### The data
/---

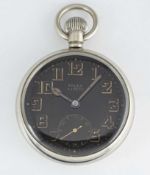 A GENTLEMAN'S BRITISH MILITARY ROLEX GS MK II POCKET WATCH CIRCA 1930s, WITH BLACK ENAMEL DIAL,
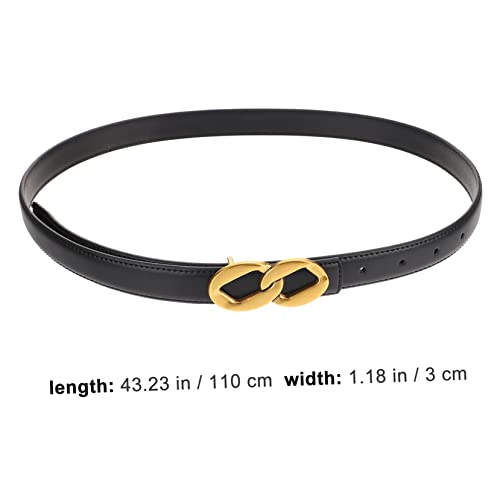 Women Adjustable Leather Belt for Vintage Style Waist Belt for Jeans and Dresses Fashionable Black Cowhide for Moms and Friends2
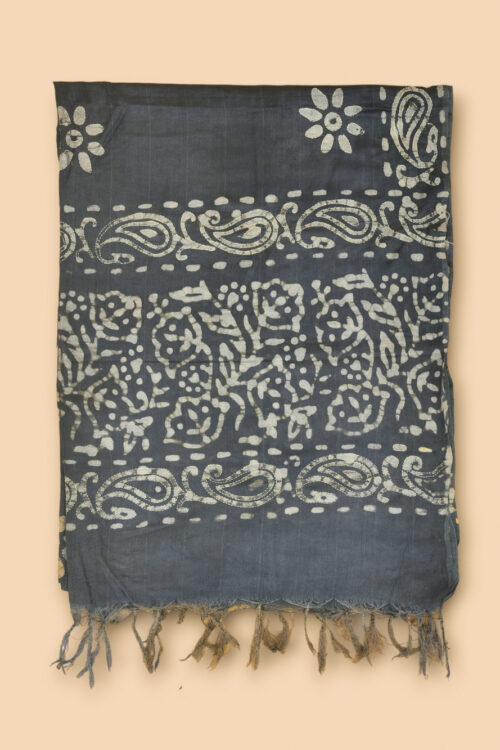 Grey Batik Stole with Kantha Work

\---

### Exercise instructions
Would you return the whole listing exactly, without the pictures?

### Solved exercise
 A GENTLEMAN'S BRITISH MILITARY ROLEX GS MK II POCKET WATCH CIRCA 1930s, WITH BLACK ENAMEL DIAL,
 Women Adjustable Leather Belt for Vintage Style Waist Belt for Jeans and Dresses Fashionable Black Cowhide for Moms and Friends2
 Grey Batik Stole with Kantha Work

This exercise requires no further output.